*Work required*.
The listing must be copied out in full and exactly; no images go with it.

*Data provided*.
::::
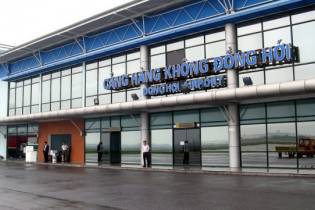 Tạm dừng các chuyến bay từ TP.HCM tới Quảng Bình từ hôm nay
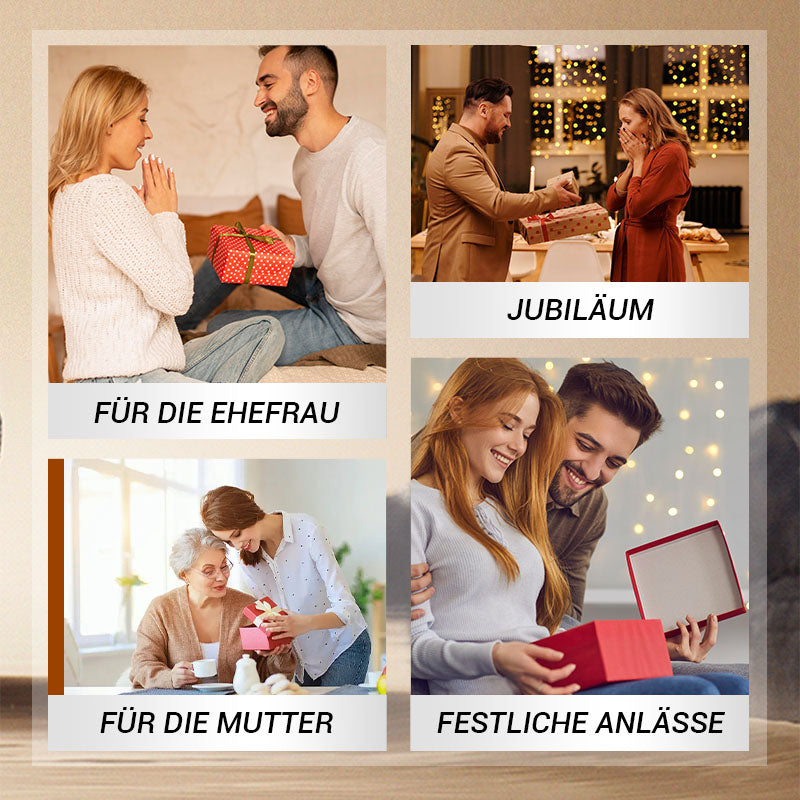 LunaGlanz™ Strahlendes Himmlisches Halsband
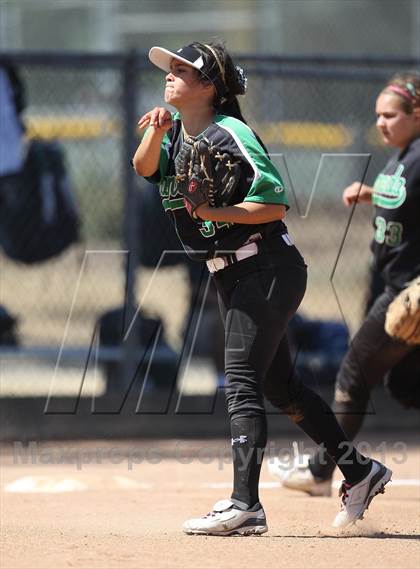 Thumbnail 3 in Dos Pueblos vs. Granada Hills (T.O. Tournament) photogallery.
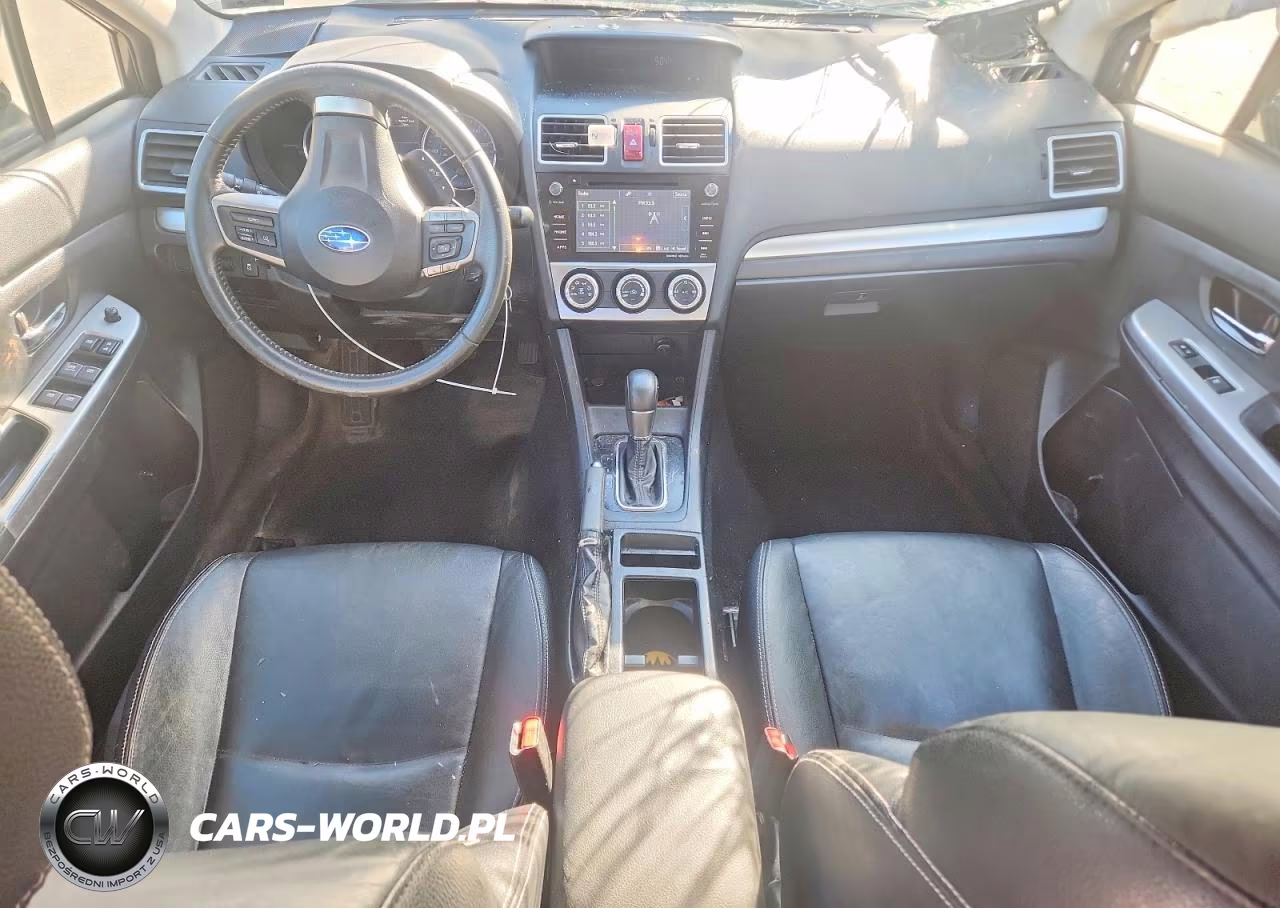 2016 Subaru Impreza Limited VIN:JF1GJAK66GH008107 - 8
::::
*Exercise output*.
 Tạm dừng các chuyến bay từ TP.HCM tới Quảng Bình từ hôm nay
 LunaGlanz™ Strahlendes Himmlisches Halsband
 Thumbnail 3 in Dos Pueblos vs. Granada Hills (T.O. Tournament) photogallery.
 2016 Subaru Impreza Limited VIN:JF1GJAK66GH008107 - 8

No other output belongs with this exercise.